Entries shown.
+ + + +
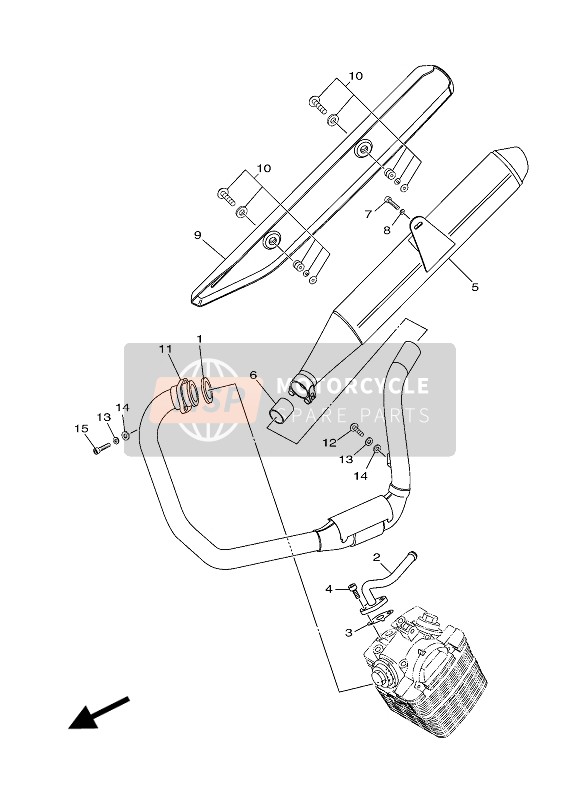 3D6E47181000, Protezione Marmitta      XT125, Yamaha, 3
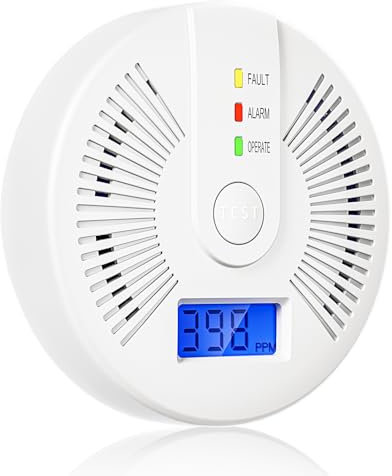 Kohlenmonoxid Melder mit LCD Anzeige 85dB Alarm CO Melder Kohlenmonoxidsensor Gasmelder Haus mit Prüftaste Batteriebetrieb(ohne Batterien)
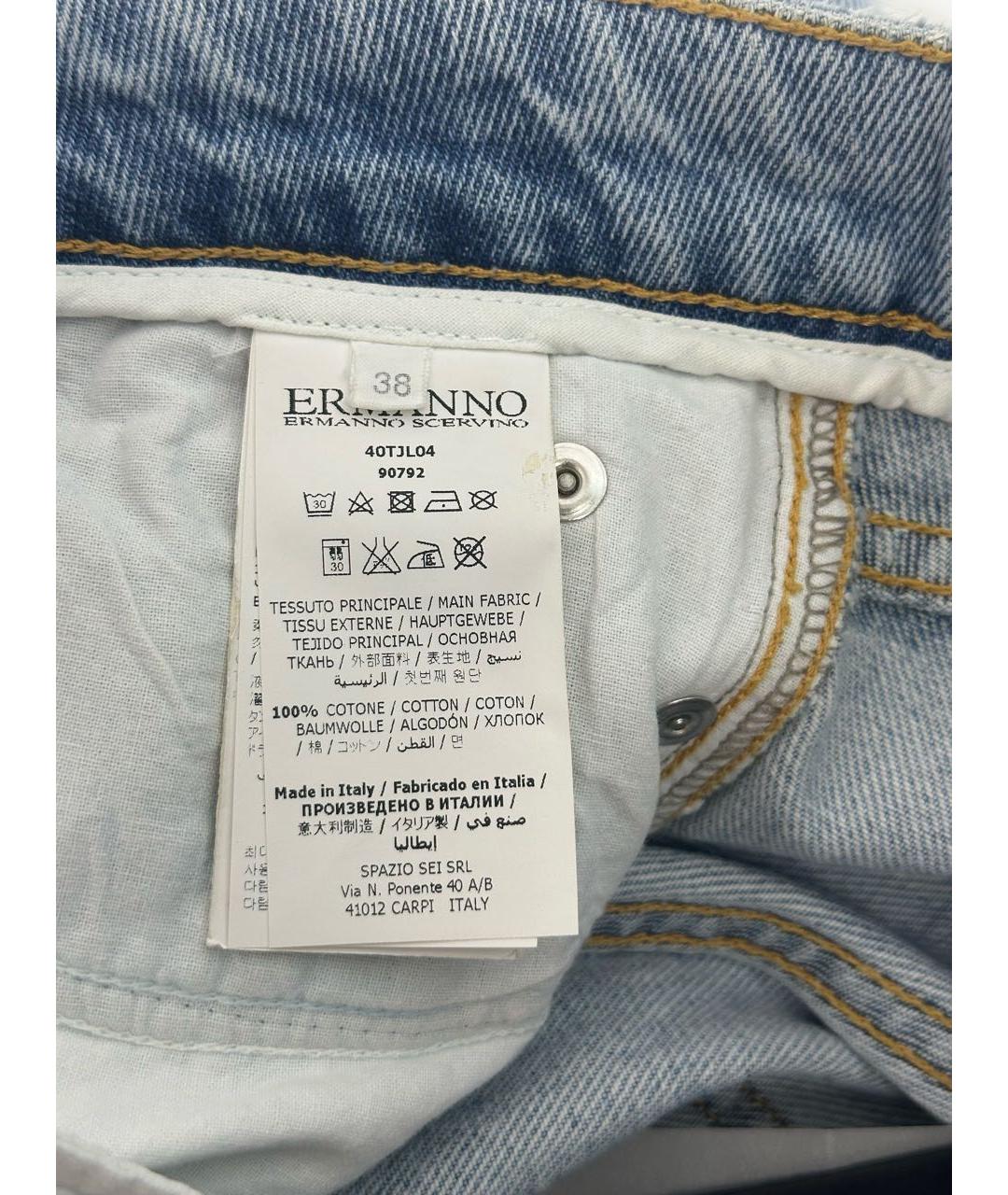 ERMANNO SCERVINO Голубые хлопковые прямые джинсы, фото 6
+ + + +
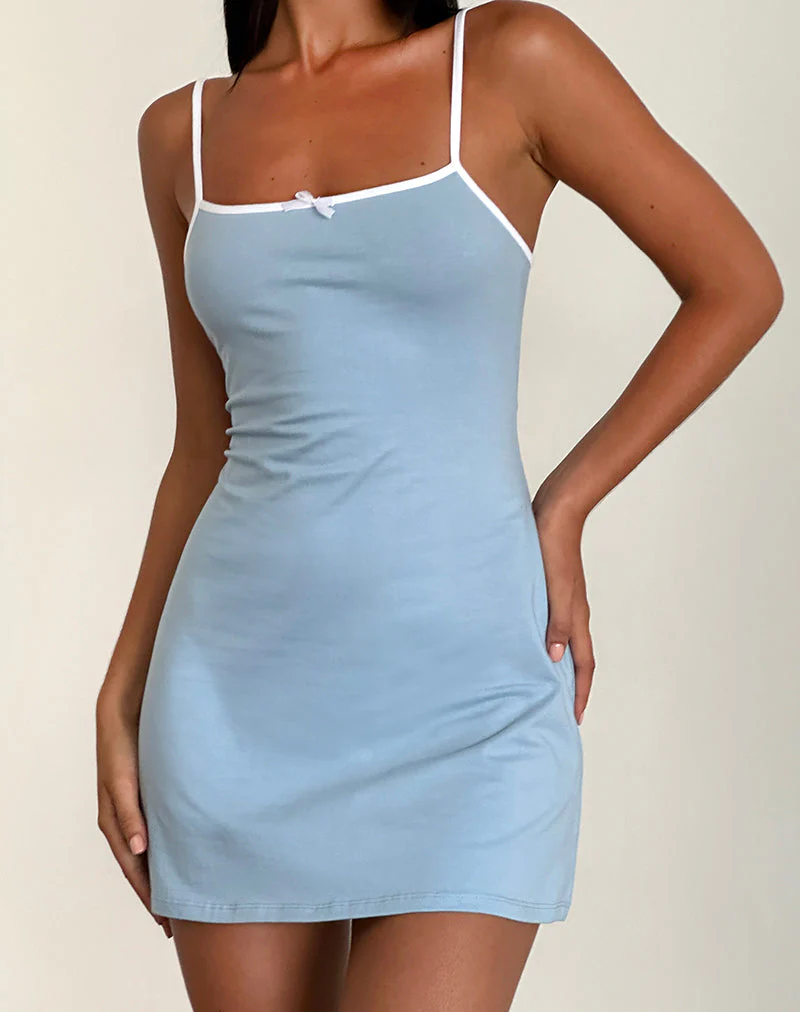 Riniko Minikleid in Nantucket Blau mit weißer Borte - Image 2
+ + + +
Problem to work on. Only one stretch of the listing is wanted: the lines starting at the one with "Kohlenmonoxid Melder mit" and ending at the one with "ERMANNO SCERVINO Голубые", copied exactly and free of pictures.

Task solution.
 Kohlenmonoxid Melder mit LCD Anzeige 85dB Alarm CO Melder Kohlenmonoxidsensor Gasmelder Haus mit Prüftaste Batteriebetrieb(ohne Batterien)
 ERMANNO SCERVINO Голубые хлопковые прямые джинсы, фото 6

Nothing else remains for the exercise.